## Input data
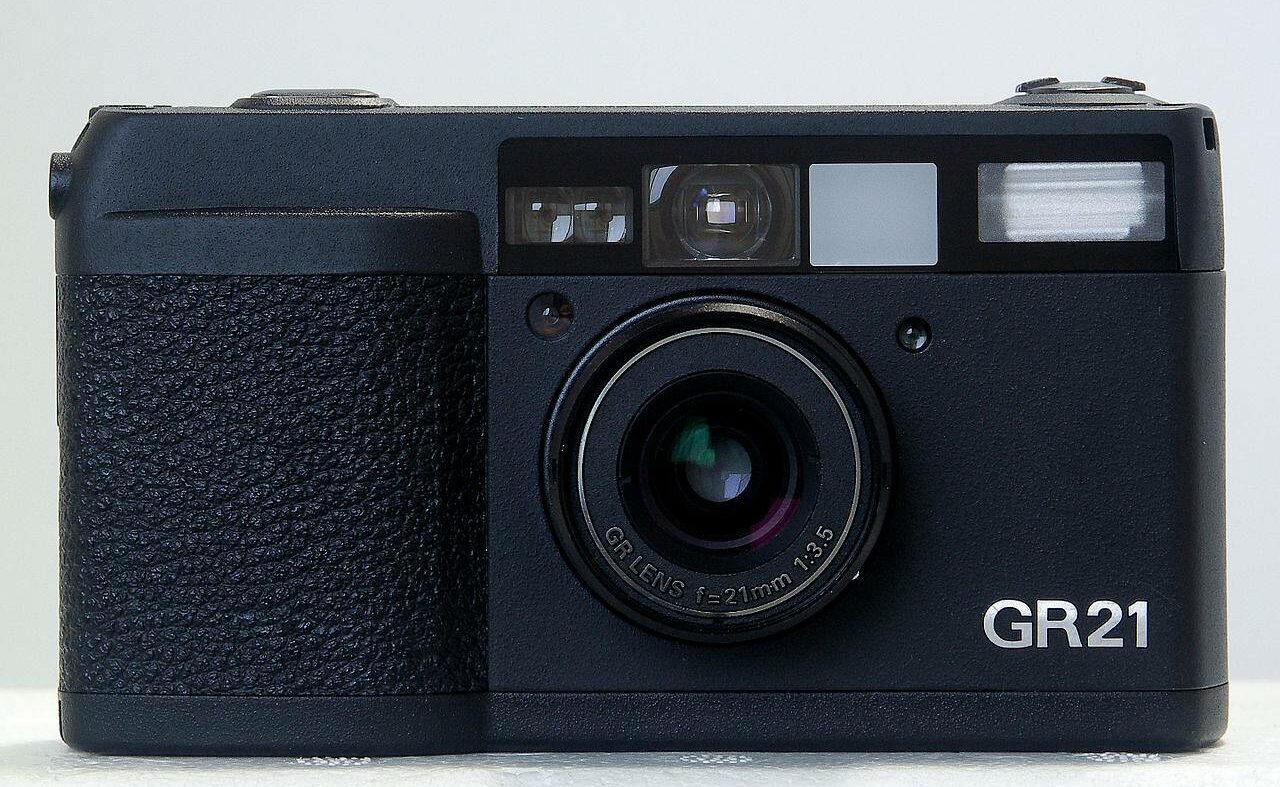 Picture of Ricoh GR21 35mm camera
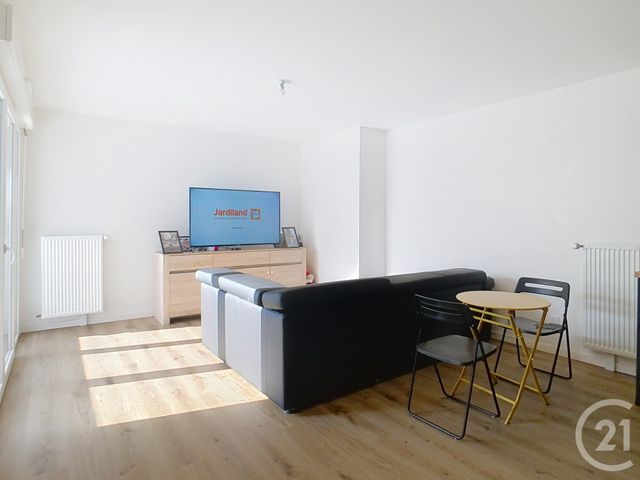 Appartement F3 à vendre - 3 pièces - 65.35 m2 - THIAIS - 94 - ILE-DE-FRANCE - Century 21 A.A.R.S. Immo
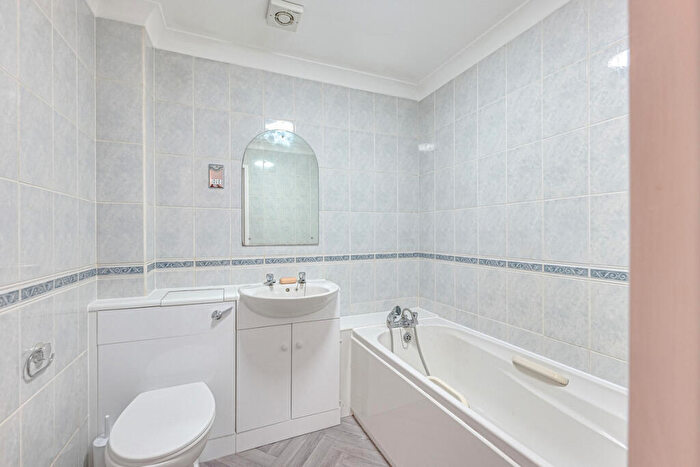 2 Bedroom Apartment To Rent In Barnstaple Road, Southend-on-Sea, SS1
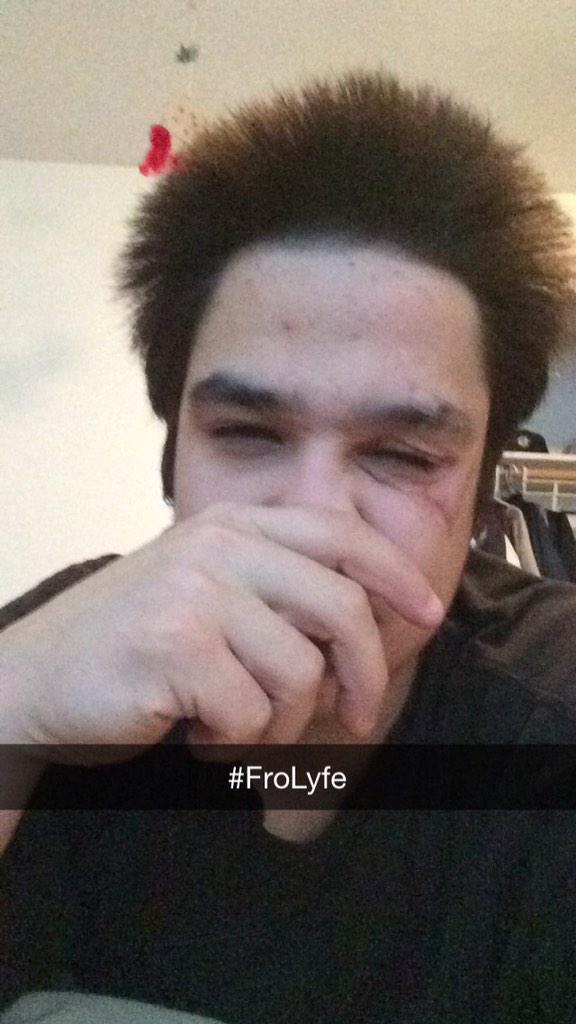 TayThemon's tweet photo. #FroLyfe http://t.co/1vHPknkbzX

## Work task
In repeating the lines above, keep the wording exact and leave every picture out.

## Response for this exercise
 Picture of Ricoh GR21 35mm camera
 Appartement F3 à vendre - 3 pièces - 65.35 m2 - THIAIS - 94 - ILE-DE-FRANCE - Century 21 A.A.R.S. Immo
 2 Bedroom Apartment To Rent In Barnstaple Road, Southend-on-Sea, SS1
 TayThemon's tweet photo. #FroLyfe http://t.co/1vHPknkbzX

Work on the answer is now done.